*What you should do*:
Give back the lines below exactly, but do not include any pictures.

*Short web captions*:

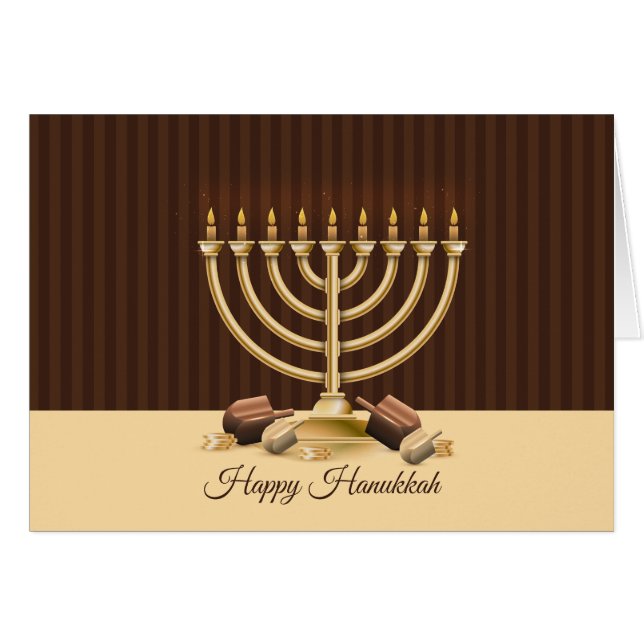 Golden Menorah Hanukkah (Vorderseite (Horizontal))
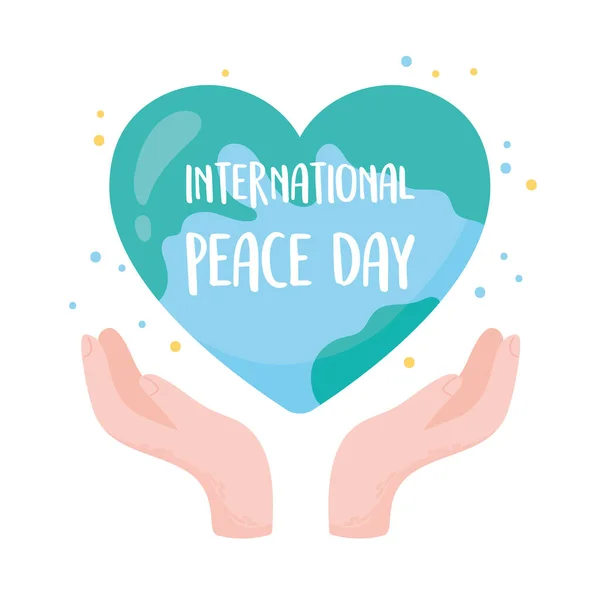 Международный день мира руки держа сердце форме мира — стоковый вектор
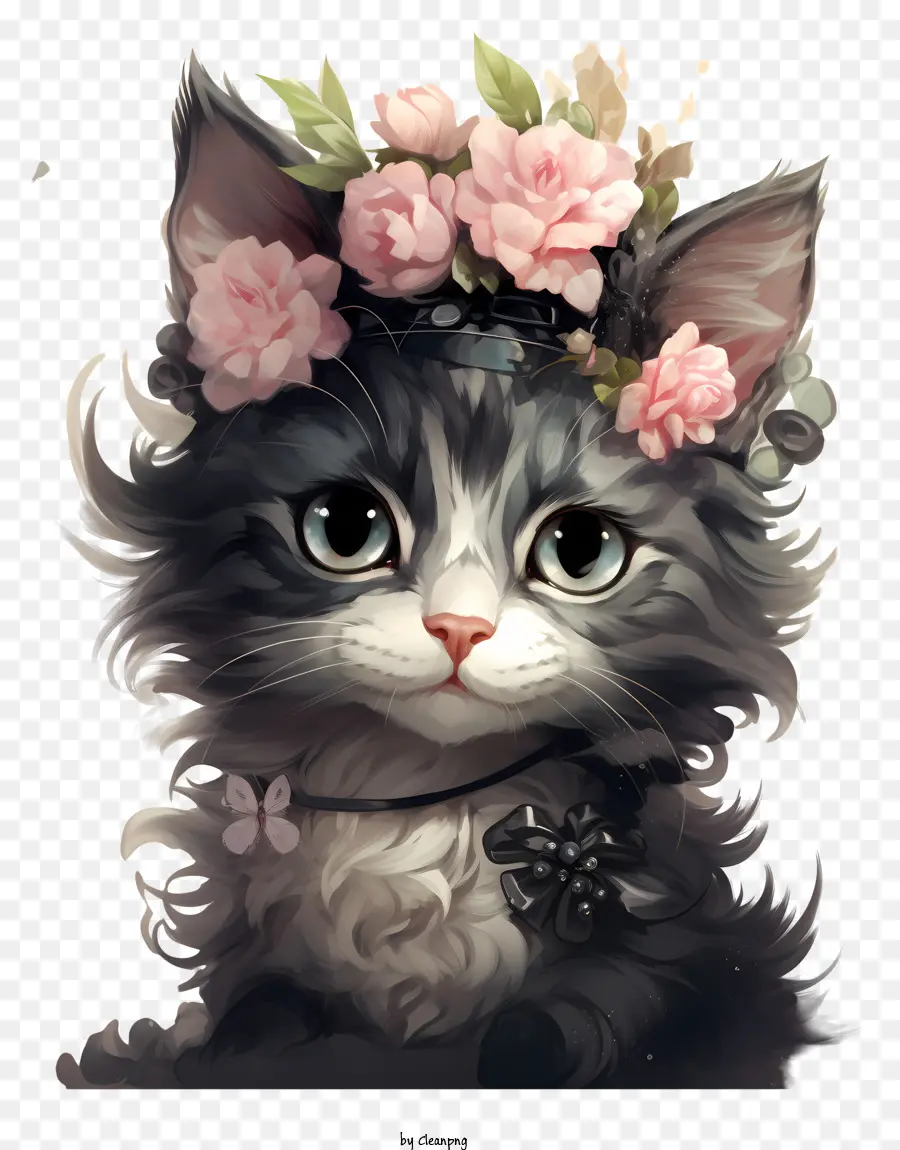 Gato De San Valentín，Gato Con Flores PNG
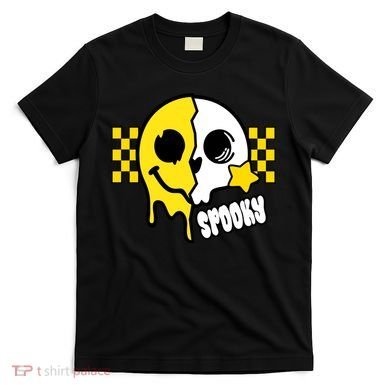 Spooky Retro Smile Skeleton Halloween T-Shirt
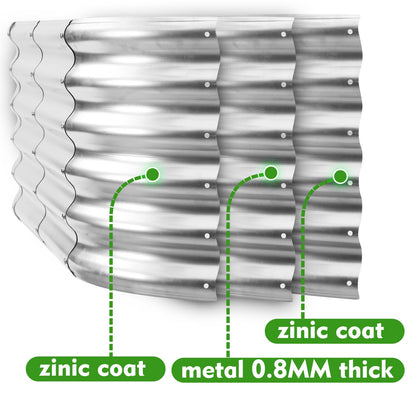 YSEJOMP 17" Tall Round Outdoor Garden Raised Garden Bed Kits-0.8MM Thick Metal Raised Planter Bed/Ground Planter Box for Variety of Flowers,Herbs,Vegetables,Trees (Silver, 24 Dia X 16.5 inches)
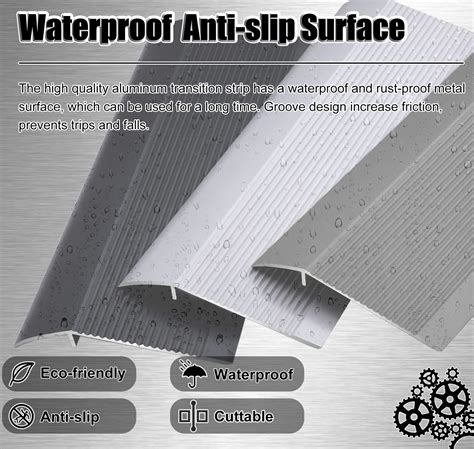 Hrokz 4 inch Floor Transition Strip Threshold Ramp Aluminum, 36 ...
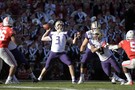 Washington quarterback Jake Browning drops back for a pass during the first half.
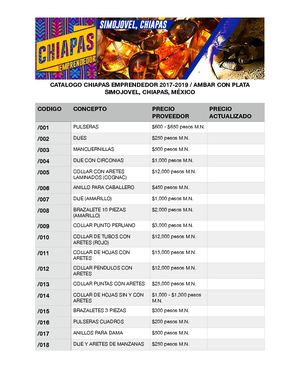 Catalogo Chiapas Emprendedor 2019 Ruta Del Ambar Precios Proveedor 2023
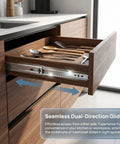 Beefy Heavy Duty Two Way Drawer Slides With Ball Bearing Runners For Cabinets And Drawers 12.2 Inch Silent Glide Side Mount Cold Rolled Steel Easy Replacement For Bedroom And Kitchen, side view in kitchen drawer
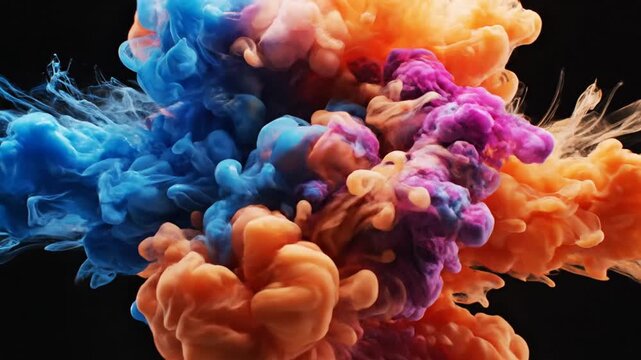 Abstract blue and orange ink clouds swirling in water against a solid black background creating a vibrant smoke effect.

*Task response*:
 Golden Menorah Hanukkah (Vorderseite (Horizontal))
 Международный день мира руки держа сердце форме мира — стоковый вектор
 Gato De San Valentín，Gato Con Flores PNG
 Spooky Retro Smile Skeleton Halloween T-Shirt
 YSEJOMP 17" Tall Round Outdoor Garden Raised Garden Bed Kits-0.8MM Thick Metal Raised Planter Bed/Ground Planter Box for Variety of Flowers,Herbs,Vegetables,Trees (Silver, 24 Dia X 16.5 inches)
 Hrokz 4 inch Floor Transition Strip Threshold Ramp Aluminum, 36 ...
 Washington quarterback Jake Browning drops back for a pass during the first half.
 Catalogo Chiapas Emprendedor 2019 Ruta Del Ambar Precios Proveedor 2023
 Beefy Heavy Duty Two Way Drawer Slides With Ball Bearing Runners For Cabinets And Drawers 12.2 Inch Silent Glide Side Mount Cold Rolled Steel Easy Replacement For Bedroom And Kitchen, side view in kitchen drawer
 Abstract blue and orange ink clouds swirling in water against a solid black background creating a vibrant smoke effect.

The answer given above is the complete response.